Geological structures thrust north by Alps orogeny

The Helvetic nappes (Helvetische Decken) are a series of nappes in the Northern part of the Alps and part of the Helvetic zone. They consist of Mesozoic limestones, shales and marls that were originally deposited on the southern continental margin of the European continent. During the Alpine orogeny they were thrust north over a décollement and at the same time were internally deformed by folding and thrusting.

==Tectonic location==
The Helvetic nappes are thrust over the Infrahelvetic complex and the external massifs of the Alps (like the Aarmassif or Mont Blanc Massif). In Switzerland, Germany and Austria they are also thrust over the Molasse basin of the Alpine foreland. In turn, the Helvetic nappes were overthrust by the Penninic nappes from the south. In Switzerland these have been eroded away at most places but in Germany and Austria they are still covering the Helvetic nappes. Due to this the Helvetic nappes only crop out as a thin band in those countries, which forms the Northern Limestone Alps.

==Lithology==
The Helvetic nappes consist of Mesozoic sedimentary rocks deposited on the former southern continental margin of the European plate.
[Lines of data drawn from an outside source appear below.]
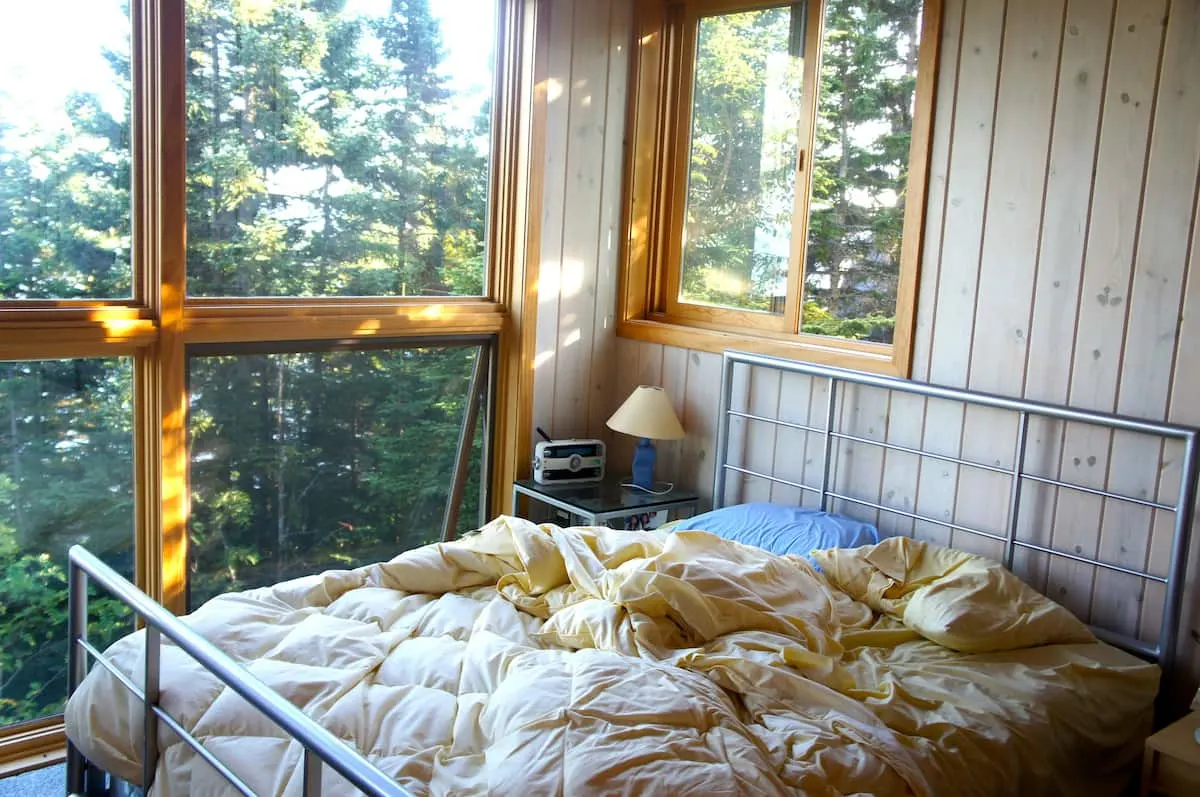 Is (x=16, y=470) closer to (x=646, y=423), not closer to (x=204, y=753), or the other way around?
(x=204, y=753)

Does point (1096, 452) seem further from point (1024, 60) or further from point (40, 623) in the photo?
point (40, 623)

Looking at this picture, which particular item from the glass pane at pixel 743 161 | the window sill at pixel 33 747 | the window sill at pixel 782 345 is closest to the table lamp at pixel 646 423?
the window sill at pixel 782 345

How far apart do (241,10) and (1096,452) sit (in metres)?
2.66

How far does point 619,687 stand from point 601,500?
1.77 meters

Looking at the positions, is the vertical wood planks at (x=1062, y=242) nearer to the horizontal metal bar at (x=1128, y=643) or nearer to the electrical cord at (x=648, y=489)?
the horizontal metal bar at (x=1128, y=643)

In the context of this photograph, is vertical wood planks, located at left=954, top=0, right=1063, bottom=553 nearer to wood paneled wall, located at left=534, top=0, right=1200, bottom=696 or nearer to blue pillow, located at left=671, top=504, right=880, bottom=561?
wood paneled wall, located at left=534, top=0, right=1200, bottom=696

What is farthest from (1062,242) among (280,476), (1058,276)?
(280,476)

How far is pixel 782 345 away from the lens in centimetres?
362

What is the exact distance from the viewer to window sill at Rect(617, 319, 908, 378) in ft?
11.1

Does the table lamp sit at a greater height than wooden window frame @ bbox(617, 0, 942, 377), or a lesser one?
lesser

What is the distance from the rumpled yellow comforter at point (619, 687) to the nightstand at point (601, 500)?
0.70 metres

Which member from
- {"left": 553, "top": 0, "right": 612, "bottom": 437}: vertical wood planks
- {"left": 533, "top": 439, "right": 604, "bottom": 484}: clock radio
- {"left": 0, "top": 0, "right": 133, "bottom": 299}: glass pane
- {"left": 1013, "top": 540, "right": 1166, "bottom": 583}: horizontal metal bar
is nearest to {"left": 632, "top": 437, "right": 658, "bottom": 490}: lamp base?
{"left": 533, "top": 439, "right": 604, "bottom": 484}: clock radio

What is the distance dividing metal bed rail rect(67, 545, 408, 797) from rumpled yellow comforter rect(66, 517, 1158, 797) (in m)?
0.05

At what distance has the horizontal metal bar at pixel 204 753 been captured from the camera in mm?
1833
A narrow ocean, the Valais Ocean, existed south of Central Europe in the Mesozoic. This later developed into a convergent plate boundary where the European plate subducted beneath the Apulian plate. The sedimentary facies of the rocks from this age thus becomes deeper marine when the rocks were deposited further south. Therefore, the rocks of the Helvetic nappes have a shallower marine facies than the contemporary Bündner slates of the Penninic nappes; and a deeper facies than the rocks of the Infrahelvetic complex of Eastern Switzerland or contemporary sediments in the Jura Mountains north of the Alps.